C’è bisogno, ma intanto tu non alleni. Perché?
«Perché ho rifiutato tante offerte e perché non rubo soldi. Voglio un progetto, non fare parte di un circo».
 
Potresti rientrare in A, magari grazie a un procuratore influente, ma non mi sembri il tipo da inchini.
«Se dovessi rientrare, sarà senza procuratori amici e con il piacere di non aver chiesto niente a nessuno».
 
Luciano Moggi è il capo del calcio italiano?
«Sì, da 10-15 anni. Ha preso il posto di Allodi».
 
Chi sono i veri padri del gioco a zona?
«Dobbiamo cercarli prima di me: Amaral, Liedholm, Eriksonn. Poi però ci sono io con Sacchi, Orrico e Catuzzi. Oggi il 99,99% delle squadre fanno la zona».
 
Tu sei schietto e sembri una bestia rara. Chi ti piace, fra gli allenatori, per la sua schiettezza?
«Da ragazzo mi piaceva l’ironia di Liedholm, che veniva colta da pochi. Poi c’erano Orrico e Bagnoli. Oggi la prassi è parlare per luoghi comuni».
 
Se si vince è merito dell’intensità. Se si perde è colpa di episodi negativi. Se si chiede un giudizio non si parla dei singoli. A sentire i mister in TV, non hanno clonato soltanto la pecora Dolly, vero Giovanni?
«E’ il segno dei tempi. Una volta sentivi Liedholm, Bagnoli, Radice, Sacchi. Tutti avevano uno stile. Oggi è tutta maniera. Sti ragazzetti sono tutti uguali e il movimento si appiattisce sempre di più».
 
La vittoria più bella della carriera?
«La serie A con il Pescara e il debutto a San Siro, battendo 2-0 l’Inter».
 
Pescara: tema libero.
«Appena sono arrivato mi ha conquistato immediatamente. Un attaccamento da amante. Sono stato attirato dal modo di vivere, dal caos. Dal caos è nata la vita e io ho amato subito Pescara, rifacendomi a questa verità. Probabilmente è per questo che io e Pescara ci siamo sposati, perché non c’era tempo per la monotonia. Amo Pescara, caotica ma viva».
 
Il giocatore più forte che hai allenato?
«Baka Sliskovic. Lo so che Leo Junior, vero modello di professionalità, si incazzerebbe se mi sentisse, ma Leo stesso diceva: “Mister, se avessi il talento di Baka …”».
 
Molti dicono che i presidenti vogliono fare la squadra. A te è mai capitato di subire ingerenze?
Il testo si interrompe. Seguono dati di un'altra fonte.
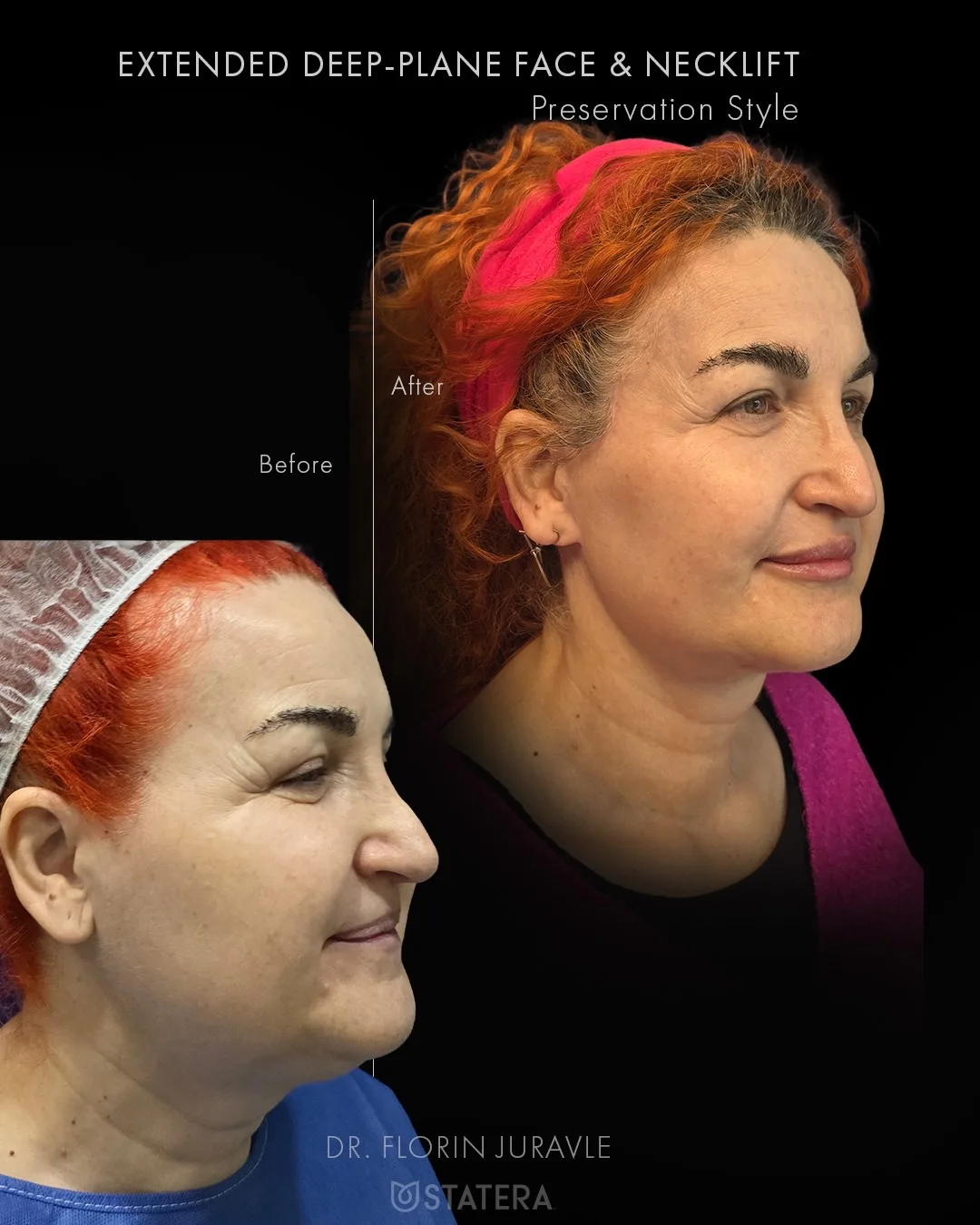 Before and after — Dr. Florin Juravle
«In 30 anni di carriera ho avuto presidenti anche molto carismatici. Gli amici mi dicevano di stare in guardia, di stare attento alle loro intromissioni, ma io ti posso dire, anzi ti posso mettere per iscritto, che nessuno si è mai azzardato a intromettersi nel mio lavoro, nemmeno per chiedermi la formazione».
 
Quali sono i tuoi svaghi e le tue passioni?
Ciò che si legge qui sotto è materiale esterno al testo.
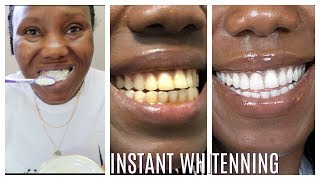 How I whitened my yellow teeth in 2 Minutes  LIVE DEMO HOME REMEDY [upl. by Kilroy]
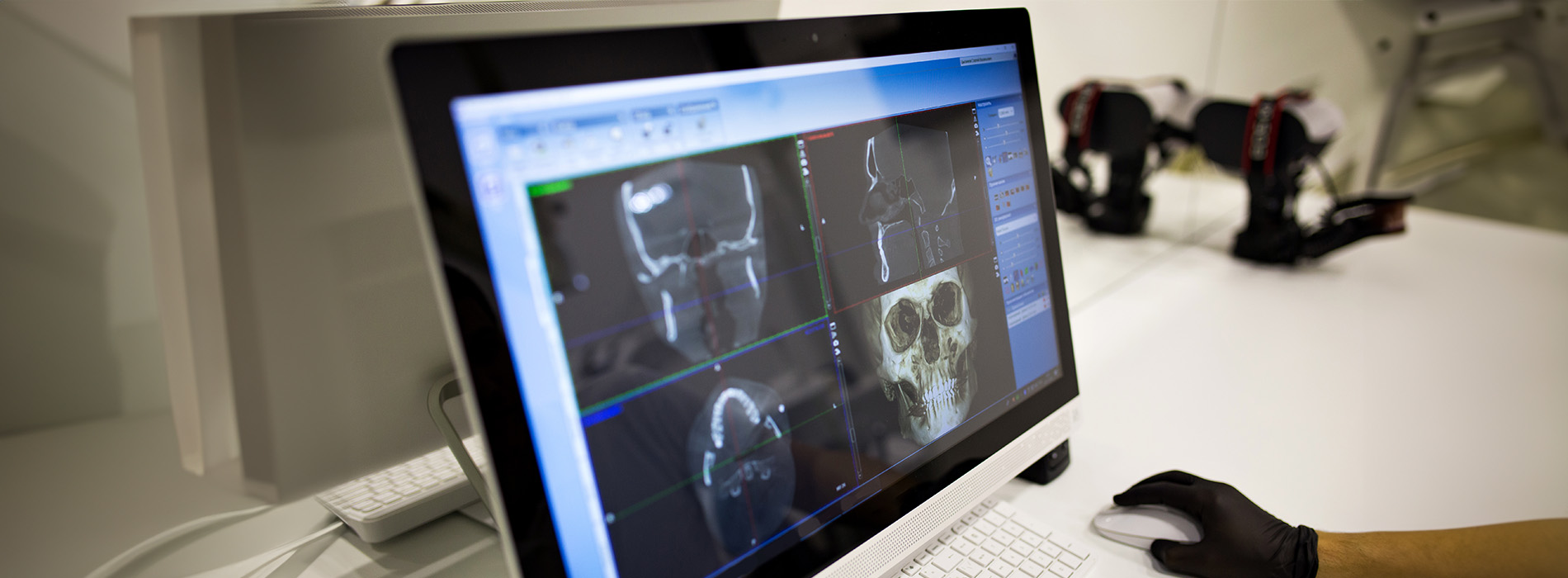 An X-ray displayed on a laptop screen next to a real human skull.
«La pesca, stare in mare. Quando ero più giovane e riuscivo a fare tante altre cose, riuscivo anche a leggere molto».
 
E’ vero che hai portato in panchina anche un libro di poesie di Prévert?
«Assolutamente no. La voce è nata da un’intervista interpretata male. Non ho mai portato un libro di Prévert in panchina, anche perché Prévert è triste. Preferisco portare 2 pacchetti di Marlboro».